Pada waktu itu, Bugyona, sekretaris ketiga untuk Putra Mahkota Evildarth, bekerja di kantornya. Meskipun berusia lebih dari enam puluh tahun, sekretaris tidak pernah meninggalkan pekerjaan sebelum jam 11 malam.

Setiap hari, segunung laporan masuk, dan hanya melalui mereka mengambil sampai malam. Pada saat ia menyelesaikan tugasnya sendiri, selalu selambat ini.

“Fiuh … Dyufu,” desahnya.

Bugyona melirik ke dinding di sampingnya. Di sana menggantung potret Helena, ibu Hazen.

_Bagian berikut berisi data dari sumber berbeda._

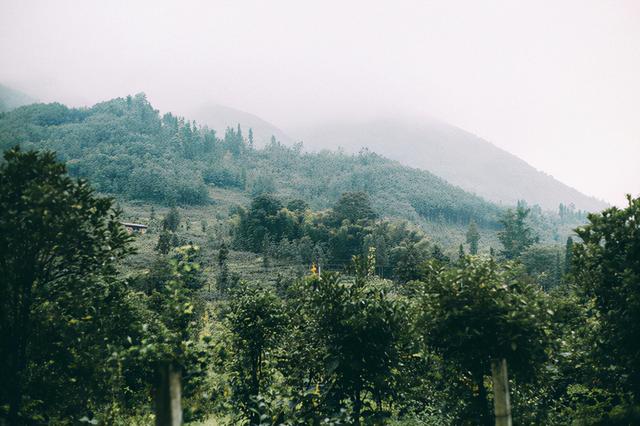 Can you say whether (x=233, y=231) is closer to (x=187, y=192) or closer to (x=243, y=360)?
(x=187, y=192)

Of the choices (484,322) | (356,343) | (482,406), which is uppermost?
(484,322)

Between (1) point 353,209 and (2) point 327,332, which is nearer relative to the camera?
(2) point 327,332

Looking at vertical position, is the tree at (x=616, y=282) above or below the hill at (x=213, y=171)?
below

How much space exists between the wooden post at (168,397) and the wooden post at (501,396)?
108 inches

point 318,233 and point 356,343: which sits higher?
point 356,343

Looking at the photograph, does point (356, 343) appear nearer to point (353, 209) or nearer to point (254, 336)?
point (254, 336)

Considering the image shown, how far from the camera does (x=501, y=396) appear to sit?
3.72 m

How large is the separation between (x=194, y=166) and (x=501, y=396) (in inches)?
4613

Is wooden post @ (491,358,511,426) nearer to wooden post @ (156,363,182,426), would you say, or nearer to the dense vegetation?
the dense vegetation

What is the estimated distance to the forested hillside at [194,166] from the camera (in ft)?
321

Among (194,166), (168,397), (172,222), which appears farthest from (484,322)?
(194,166)

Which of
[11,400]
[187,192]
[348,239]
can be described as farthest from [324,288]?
[187,192]

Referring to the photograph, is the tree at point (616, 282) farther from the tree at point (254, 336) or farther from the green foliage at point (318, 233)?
the green foliage at point (318, 233)

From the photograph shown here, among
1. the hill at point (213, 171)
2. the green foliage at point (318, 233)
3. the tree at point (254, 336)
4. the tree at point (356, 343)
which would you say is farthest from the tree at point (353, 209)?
Result: the tree at point (356, 343) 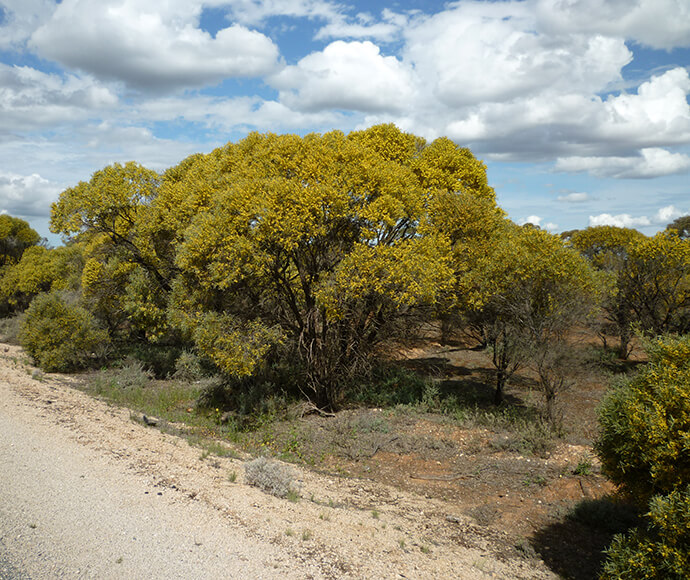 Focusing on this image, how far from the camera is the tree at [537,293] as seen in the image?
10852mm

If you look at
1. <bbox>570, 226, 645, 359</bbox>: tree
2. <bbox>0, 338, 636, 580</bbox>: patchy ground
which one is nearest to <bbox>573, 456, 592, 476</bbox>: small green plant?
<bbox>0, 338, 636, 580</bbox>: patchy ground

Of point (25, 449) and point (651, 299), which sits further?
point (651, 299)

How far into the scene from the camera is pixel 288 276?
43.4 ft

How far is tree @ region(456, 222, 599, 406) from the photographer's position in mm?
10852

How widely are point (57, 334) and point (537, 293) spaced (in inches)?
589

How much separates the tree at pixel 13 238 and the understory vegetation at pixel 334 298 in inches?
832

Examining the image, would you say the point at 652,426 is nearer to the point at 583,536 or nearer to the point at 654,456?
the point at 654,456

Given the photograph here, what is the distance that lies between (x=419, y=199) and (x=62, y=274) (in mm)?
23979

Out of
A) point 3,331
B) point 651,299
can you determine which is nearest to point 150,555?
point 651,299

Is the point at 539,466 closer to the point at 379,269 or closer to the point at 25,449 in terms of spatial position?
the point at 379,269

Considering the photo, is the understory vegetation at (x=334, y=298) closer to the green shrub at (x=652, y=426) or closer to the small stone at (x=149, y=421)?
the green shrub at (x=652, y=426)

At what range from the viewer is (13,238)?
1319 inches

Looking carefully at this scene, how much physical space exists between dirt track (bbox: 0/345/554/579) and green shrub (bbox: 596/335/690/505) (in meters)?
1.74

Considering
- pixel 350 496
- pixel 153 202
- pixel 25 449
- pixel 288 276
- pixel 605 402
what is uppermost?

Itu adalah lukisan yang dia ditugaskan dari seorang seniman terkenal setelah menendang Hazen ke negara kecil.

“… pantat yang baik,” gumamnya.

Pria gemuk itu mengambil potret itu dari dinding dan mulai meraba -raba dengan itu.

Bahkan di usia lanjutnya, keinginan s3ksual Bugyona tetap sangat kuat.

“Ahh … Helena … hmm … ha … ha … helena, hmm-hmm-hmm! Hmph-hmph-hmph-hmph-hmph-hmph-hmph-hmph-hmph-hmph-hmph-hmph-hmph-hmph-hmph-hmph!”

Tertutup keringat, dia mulai mendorong pinggulnya dengan panik ke udara.

Itu adalah metode yang agak tidak konvensional.

Knock, ketukan, ketuk.

“Maaf, aku – ya!”

“Ahyo?! Mengapa, mengapa, mengapa kamu masuk?! Aku belum memberimu izin untuk masuk!”

“Aku-aku sangat menyesal! Maaf!”

Sekretaris wanita yang ketakutan itu membungkuk berulang kali dalam permintaan maaf.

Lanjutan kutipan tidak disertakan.